Proving to be a popular venue on Quebec's tourist circuit in Canada, North America's only ice hotel, open for business from January 7th to March 27th, ensures a winter experience unlike any other. Since its inception in 2001, over half a million visitors have marvelled at a structure built of 15,000 tons of snow and 500 tons of ice.  Each year the hotel is re-built, each year the decor is different.

Quebec's palace of ice
Powdered with snowflakes drifting from a sky that melds absolutely with a pristine earth, it is like another world. Inside, sculpted ice pillars give it the appearance of a palace for a snow queen. Artworks abound: ice sculptures, intricate ice carvings on the walls, ornate alcoves and a massive ice chandelier that changes colour continuously.

At the ABSOLUT Ice Bar, guests clad in furs, ski jackets, toques, gloves, boots and thick socks, puff clouds of vapor each time they speak. Vodka served in ice glasses is the drink of choice, but for a unique Absolut experience order a 'Sensual Confusion' (Absolut vanilla, orange juice and grenadine) or an 'Earth Juice' (Absolut lemon, curacao and lime juice).

Sadly for light-fingered wayfarers though, absconding with a souvenir glass will bring but brief pleasure. The slightest rise in temperature, and the souvenir, like a face of wax in front of a warming fire, is soon just a puddle.

Canada's ice hotel for a most unusual "I do"
There is a thriving business here for unusual marriage ceremonies in a chapel with low, skin -covered ice pews.
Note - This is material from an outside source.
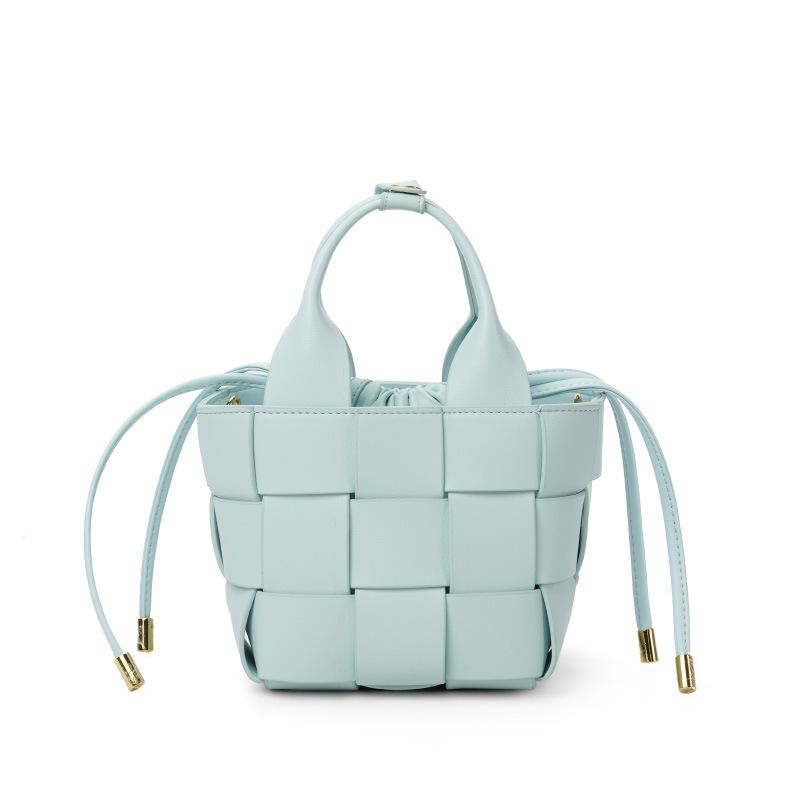 New high-end leather woven vegetable basket women's bag niche design women's soft cowhide portable messenger bucket bag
A stained glass window in a stark white setting is a foil for a transparent ice altar set back in an arched alcove. When the chill becomes excessive, the marriage officer has been known to wear a fur musquash hat.

The dragon bed in the Ice Hotel's Chinese suite
Along frosty passageways with subdued lighting, doors lead into bedrooms where everything including the beds are ice – some elaborately ornate. My favourite when I visited was the Chinese suite where a double bed rested in the icy coils of a dragon. A creature of fire, the dragon's head reared above plumped pillows with its fire-blowing mouth belching forth icy flames into a hole in the ceiling.

Prior to a night in this wintry B&B, a romantic soak in the hot tub under a starry Quebec sky (or maybe a gentle snowfall) does act as a warm-up. From there guests are advised to strip down to the barest minimum, envelop themselves in a giant shawl and wriggle into a sub-arctic sleeping bag. Trussed like mummies in the tombs of ancient Egypt, hardy visitors then settle for the night on beds of ice, covered with animal skins.

With such an elaborate getting-ready-for-bed ritual it would be foolhardy to drink anything for at least a couple of hours before retiring (and this may be difficult if you have spent the evening at the bar). Exiting your cosy cocoon, then having to dress completely for a visit to the 'facilities' (not ice), is certain to intrude rudely upon your sleep.

Those less adventurous will be pleased to hear that a room at the nearby Four Points by Sheraton is part of the Ice Hotel deal. Guests have the option of enduring the 4 am chill to reach a conventional bed in the Sheraton.